On obtint de la Régente un ordre pour retirer Françoise des mains de sa tante de Villette et la faire mettre en pension aux Ursulines de Niort. Il était espéré que la généreuse tante payerait la pension mais celle-ci comprenant la manœuvre contre sa religion s'y refusa ; Françoise résista. "La jeune huguenote sortit de leurs mains presque aussi opiniâtre qu'elle y avait été mise". Madame d'Aubigné fit donc revenir sa fille à Paris mais sa brutalité contrastant avec la douceur de Madame de Villette ne fit que rendre Françoise encore plus opiniâtre. On mit alors Françoise aux Ursulines de la rue Saint-Jacques.
Le combat dura longtemps, les protestants ranimèrent sa foi par le souvenir de son illustre grand père Théodore Agrippa.
C'est vers 13 ans qu'elle changea d'opinion et fit sa première communion. C'est alors qu'elle sortit du couvent pour son illustre destin : la rencontre de Scarron, son mariage, son veuvage, la prise en charge des enfants de Madame de Montespan qui la conduit au Roi.
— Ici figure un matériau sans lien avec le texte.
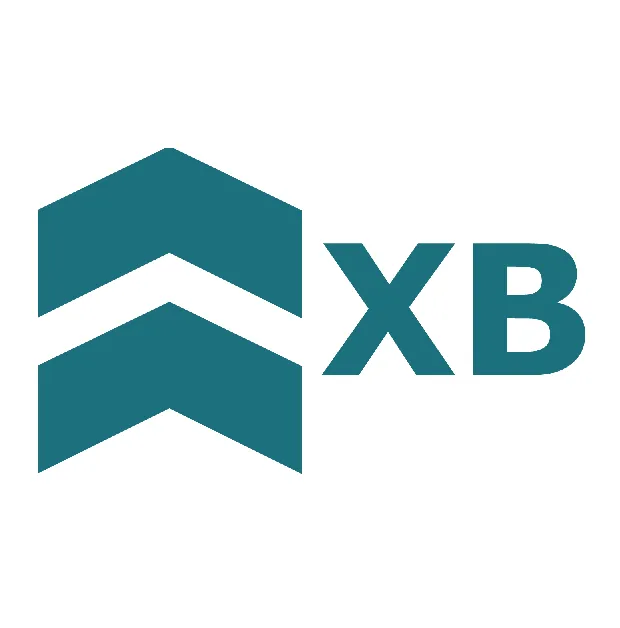 CÔNG TY TNHH CÔNG NGHỆ XB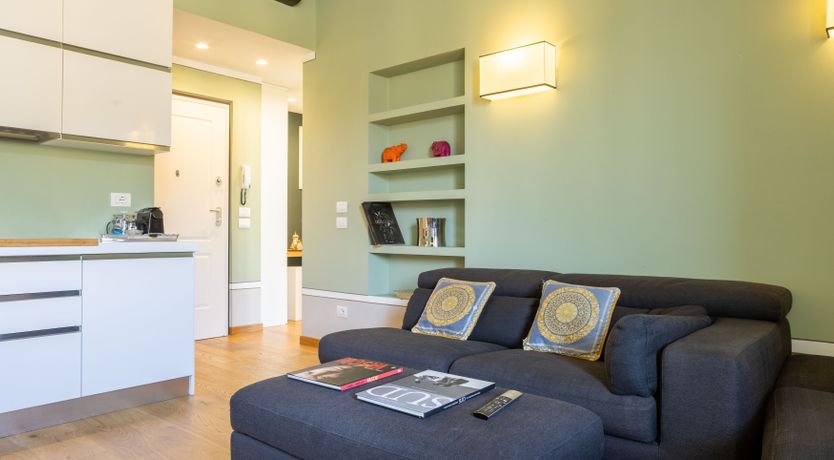 Photo of Florentine Reverie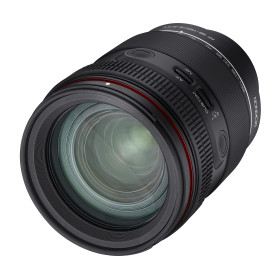Objectif Zoom AF 35-150 mm F2.0-2.8 pour Monture L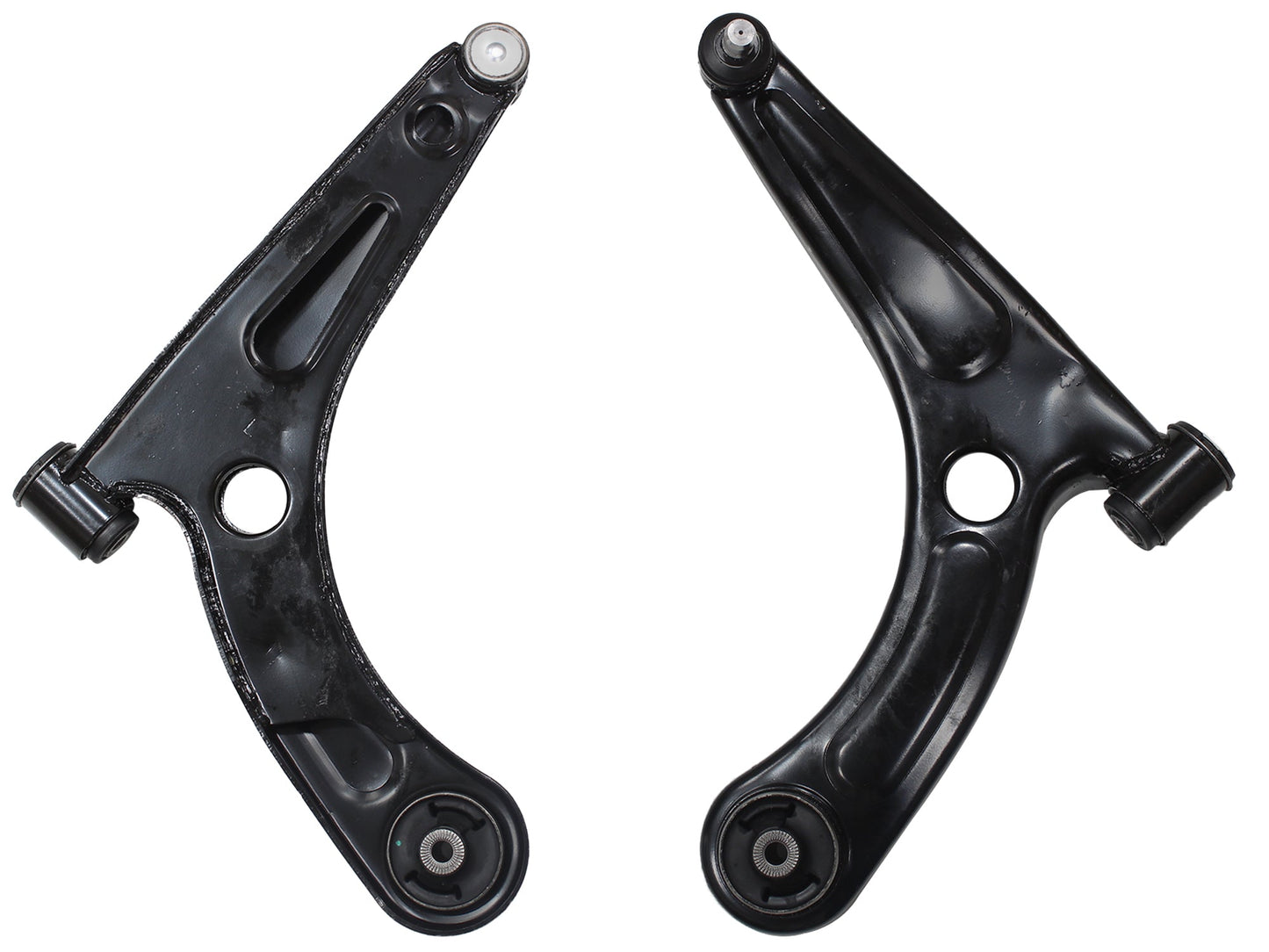 HORQUILLA INF IZQ C/ROTULA C/BUJES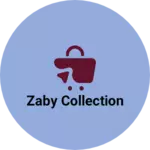 Business logo of Zaby collection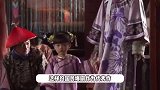 《甄嬛传》温宜公主长这么大了，又瘦又高女神范足，等比例长大依然好美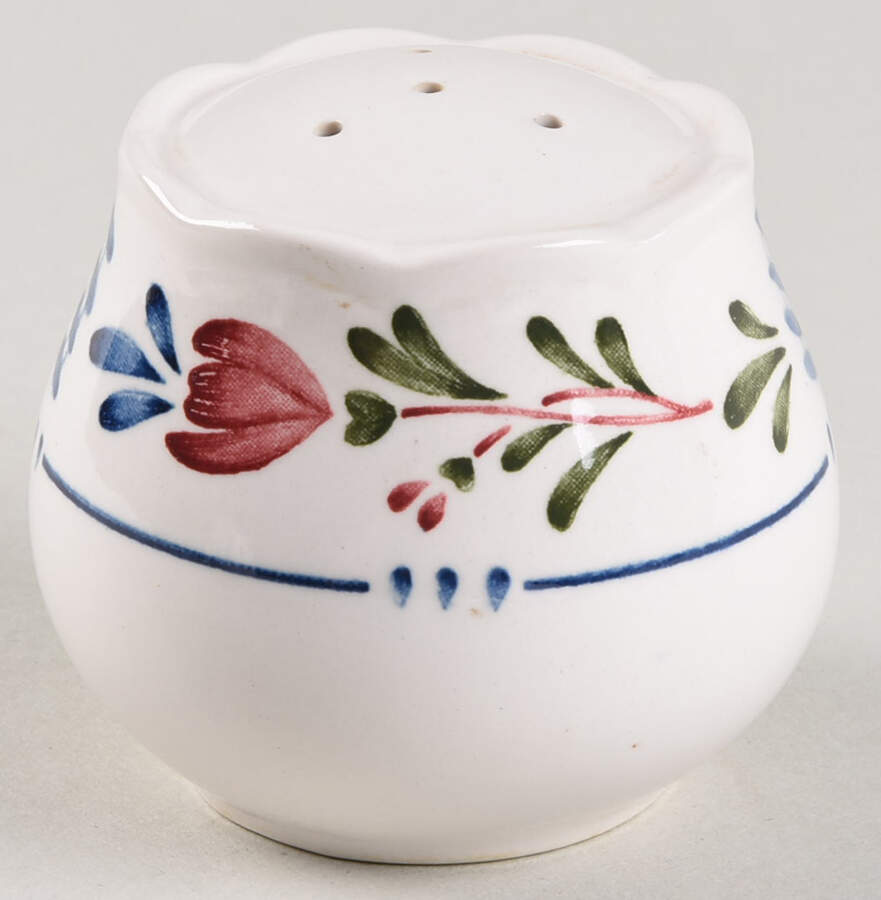 Avondale Pepper Shaker by Nikko-1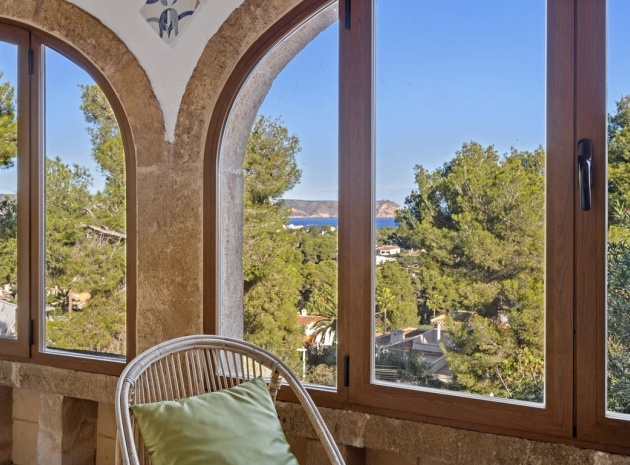 Revente - Villa - Javea - Jávea - Xàbia Centro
Ultérieurement la fille Marie de Louise de Villette épousera son cousin germain Marc Louis de Caumont d'Ade. Il serait intéressant de retrouver à quel moment nos ancêtres sont repassés de la religion réformée à la religion catholique ; si un lecteur a des lumières sur ce point il sera le bienvenu. Pour revenir à Françoise, devenue adulte puis célèbre, elle conserva toujours une grande considération pour la famille de Villette.
Vis à vis de la famille de Caumont d'Ade qui lui avait donné tant de désagréments par Dadou et son gendre Sensas de Nesmond, elle ne se vengea jamais ; bien au contraire, devenue épouse de Louis XIV elle combla de bienfaits les descendants de Dadou et de Sensas. Dans l'excellent film, "L'allée du Roi" le rôle joué par notre aïeule Louise de Villette correspond bien à ce que l'on peut savoir de sa personnalité.